Libertarian Magic Fairy Dust

Cypress

Well-known member
The defenders of deregulated capitalism, the NAFTA zealots, and the proponents of libertarian magic fairy dust have been strangely quiet for the last year. I really don't think Obama's birth certificate, or some lemonade stand in Tulare, CA are compelling or impressive arguments from the reich wing.


All Of Them Must Go

By Naomi Klein
Published in The Nation.

Watching the crowds in Iceland banging pots and pans until their government fell reminded me of a chant popular in anti-capitalist circles back in 2002: "You are Enron. We are Argentina."

Its message was simple enough. You--politicians and CEOs huddled at some trade summit--are like the reckless scamming execs at Enron (of course, we didn't know the half of it). We--the rabble outside--are like the people of Argentina, who, in the midst of an economic crisis eerily similar to our own, took to the street banging pots and pans. They shouted, "¡Que se vayan todos!" ("All of them must go!") and forced out a procession of four presidents in less than three weeks. What made Argentina's 2001-02 uprising unique was that it wasn't directed at a particular political party or even at corruption in the abstract. The target was the dominant economic model--this was the first national revolt against contemporary deregulated capitalism.

It's taken a while, but from Iceland to Latvia, South Korea to Greece, the rest of the world is finally having its ¡Que se vayan todos! moment.

Similar demands can be heard these days in Latvia, whose economy has contracted more sharply than any country in the EU, and where the government is teetering on the brink. For weeks the capital has been rocked by protests, including a full-blown, cobblestone-hurling riot on January 13. As in Iceland, Latvians are appalled by their leaders' refusal to take any responsibility for the mess. Asked by Bloomberg TV what caused the crisis, Latvia's finance minister shrugged: "Nothing special."

But Latvia's troubles are indeed special: the very policies that allowed the "Baltic Tiger" to grow at a rate of 12 percent in 2006 are also causing it to contract violently by a projected 10 percent this year: money, freed of all barriers, flows out as quickly as it flows in, with plenty being diverted to political pockets. (It is no coincidence that many of today's basket cases are yesterday's "miracles": Ireland, Estonia, Iceland, Latvia.)

Perhaps the sturdiest thread connecting this global backlash is a rejection of the logic of "extraordinary politics"--the phrase coined by Polish politician Leszek Balcerowicz to describe how, in a crisis, politicians can ignore legislative rules and rush through unpopular "reforms." That trick is getting tired, as South Korea's government recently discovered.
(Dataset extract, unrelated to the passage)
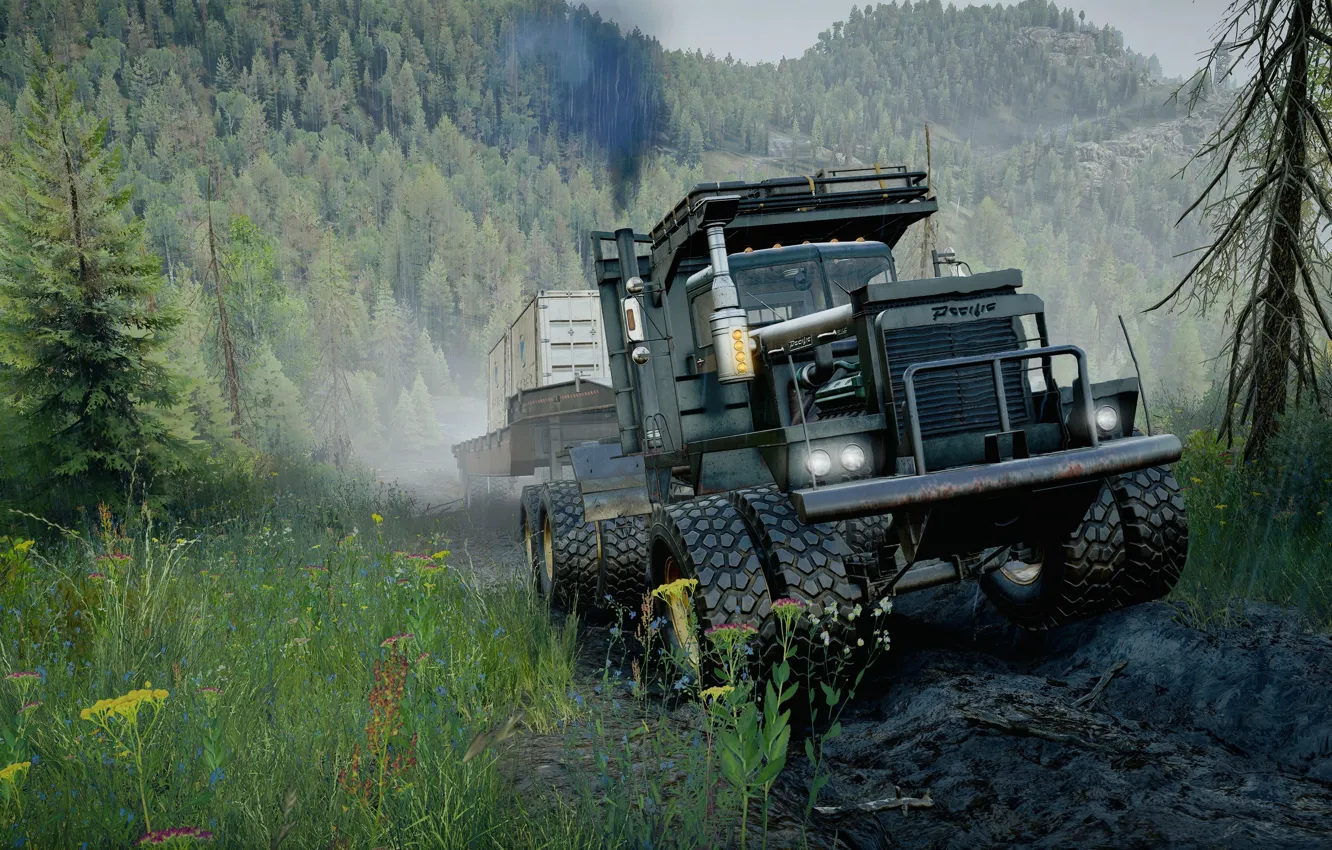 Photo wallpaper HDR, Canada, Wood, Smoke, Truck, Game, Trees, Mud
In December, the ruling party tried to use the crisis to ram through a highly controversial free trade agreement with the United States. Taking closed-door politics to new extremes, legislators locked themselves in the chamber so they could vote in private, barricading the door with desks, chairs and couches.

Opposition politicians were having none of it: with sledgehammers and an electric saw, they broke in and staged a twelve-day sit-in of Parliament. The vote was delayed, allowing for more debate--a victory for a new kind of "extraordinary politics."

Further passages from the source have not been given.